[[ GIVEN RECORDS open ]]

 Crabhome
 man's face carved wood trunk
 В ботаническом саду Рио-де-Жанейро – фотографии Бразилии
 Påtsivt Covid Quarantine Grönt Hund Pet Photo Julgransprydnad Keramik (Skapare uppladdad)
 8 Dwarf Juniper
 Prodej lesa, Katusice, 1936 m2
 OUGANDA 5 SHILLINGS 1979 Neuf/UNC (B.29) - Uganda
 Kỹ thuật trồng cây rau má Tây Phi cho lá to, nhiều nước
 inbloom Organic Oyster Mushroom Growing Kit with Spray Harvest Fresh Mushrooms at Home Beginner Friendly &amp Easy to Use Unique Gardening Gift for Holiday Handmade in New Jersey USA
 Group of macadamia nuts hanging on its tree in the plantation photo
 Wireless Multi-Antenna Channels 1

[[ GIVEN RECORDS closed ]]

EXERCISE AIM:
Copy out the records above without altering anything.

TASK SOLUTION:
 Crabhome
 man's face carved wood trunk
 В ботаническом саду Рио-де-Жанейро – фотографии Бразилии
 Påtsivt Covid Quarantine Grönt Hund Pet Photo Julgransprydnad Keramik (Skapare uppladdad)
 8 Dwarf Juniper
 Prodej lesa, Katusice, 1936 m2
 OUGANDA 5 SHILLINGS 1979 Neuf/UNC (B.29) - Uganda
 Kỹ thuật trồng cây rau má Tây Phi cho lá to, nhiều nước
 inbloom Organic Oyster Mushroom Growing Kit with Spray Harvest Fresh Mushrooms at Home Beginner Friendly &amp Easy to Use Unique Gardening Gift for Holiday Handmade in New Jersey USA
 Group of macadamia nuts hanging on its tree in the plantation photo
 Wireless Multi-Antenna Channels 1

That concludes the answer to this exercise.